Problème : l'inflation, qui évolue de façon très violente (elle était autour de 15 % en 2011, vers 3 % au début de cette année), participe à cette dépréciation de la monnaie. Or, la banque centrale a annoncé, dans son dernier rapport sur le sujet, qu'elle prévoyait une hausse des prix autour de 6 % à la fin de 2012. Et comme le seul moyen pour la combattre est de relever les taux d'intérêt, ce qui ralentirait une croissance déjà taclée par la crise...
"La baisse du produit intérieur brut au premier trimestre est due à un climat extrêmement froid [qui oblige à importer du pétrole en plus grande quantité], mais aussi à la contraction de l'activité économique de nos partenaires économiques clés", détaille la Banque dans ce rapport. Si l'on en croit ses projections, elle se serait même résignée à une récession jusqu'au troisième trimestre.
UNE MISE EN GARDE PEU HABITUELLE
Etonnament pour ce genre d'institution, qui prend habituellement de circonspectes distances avec le pouvoir politique, la banque centrale mentionne son inquiétude concernant la formation d'un gouverment : "Du point de vue de la stabilité économique requise par les marchés et de la prime de risque [que le pays pourrait payer pour emprunter], il serait bon que le futur gouvernement soit formé rapidement", insiste-t-elle.
Si le pays peut se féliciter que la faiblesse du dinar rende ses exportations plus compétitives, il ne peut rien contre le fait que ses principaux débouchés, à l'ouest, se tarissent pour cause de restrictions dues à la crise. Et notamment dans l'automobile, où le pays a investi ces dernières années. Le plus gros investisseur industriel étranger, US Steel, a abandonné sa participation dans l'aciérie cette année.
Face à la récession qui guette, le nouveau gouvernement aura besoin de renégocier un accord de prêt de 1 milliard d'euros avec le Fonds monétaire international, gelé en janvier en raison d'une aggravation du déficit budgétaire et de la dette publique.
PRÉSENCE DES BANQUES GRECQUES
Le vent d'ouest risque encore de souffler sur les épargnants serbes, mais cette fois en partant directement d'Athènes. En effet, la plupart des banques étrangères sont originaires de pays de l'UE, avec une part relativement importante de banques grecques et italiennes. Une tension supplémentaire sur leurs maisons mères pourrait conduire à un nouveau resserrement du crédit dans la région.
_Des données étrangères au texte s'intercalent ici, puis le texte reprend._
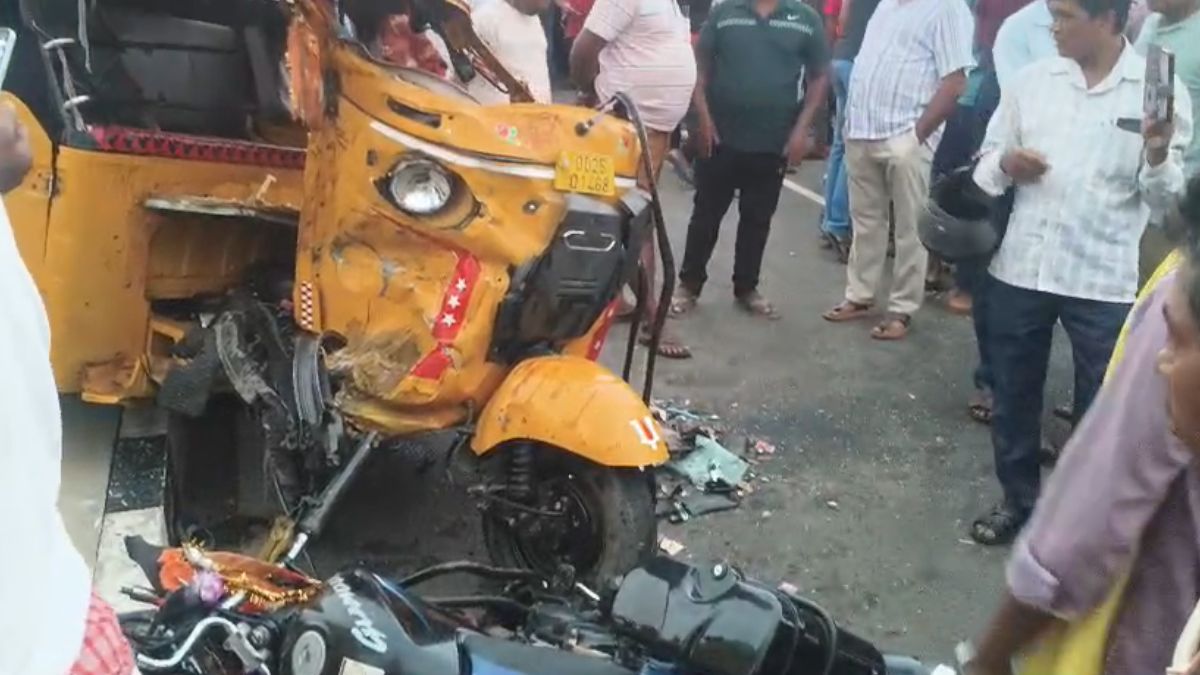 ऑटो से भीषण टक्कर के बाद बाइक सवार का सिर धड़ से अलग हुआ, 6 लोग गंभीर रूप से घायल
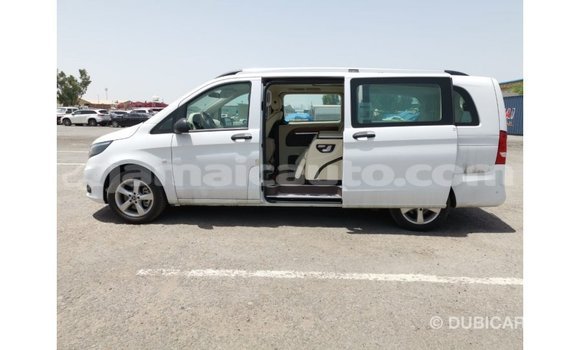 Acheter Import Voiture Mercedes-Benz Vito Blanc à Import - Dubai, Clarendon Acheter Import Voiture Mercedes-Benz Vito Blanc à Import - Dubai, Clarendon
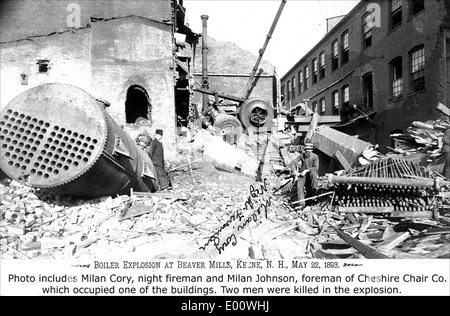 Foto der Folgen der Kesselexplosion von 1893 bei Beaver Mills in Keene, New Hampshire. Das Bild von J. A. French zeigt das zerstörte Kesselhaus und bietet einen ergreifenden Einblick in die industriellen Gefahren der Epoche. Stockfoto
Alpha Bank Serbia, Eurobank EFG, la Banque du Pirée et Vojvodanska Banka sont quatre gros bailleurs de fonds des Serbes. Les banques grecques représentent 15 à 20 % du secteur bancaire serbe, en termes d'actifs, de prêts et de dépôts, un risque fort dans un pays qui a connu une panique bancaire il y a à peine cinq ans, quand la crise financière mondiale a commencé de sévir.
Une banqueroute héllène provoquerait une déflagration importante dans le pays, forçant le gouvernement à nationaliser les branches serbes des maisons grecques, ce qui approfondirait le déficit du pays, renchérirait son coût d'emprunt sur les marchés... et achèverait le dinar.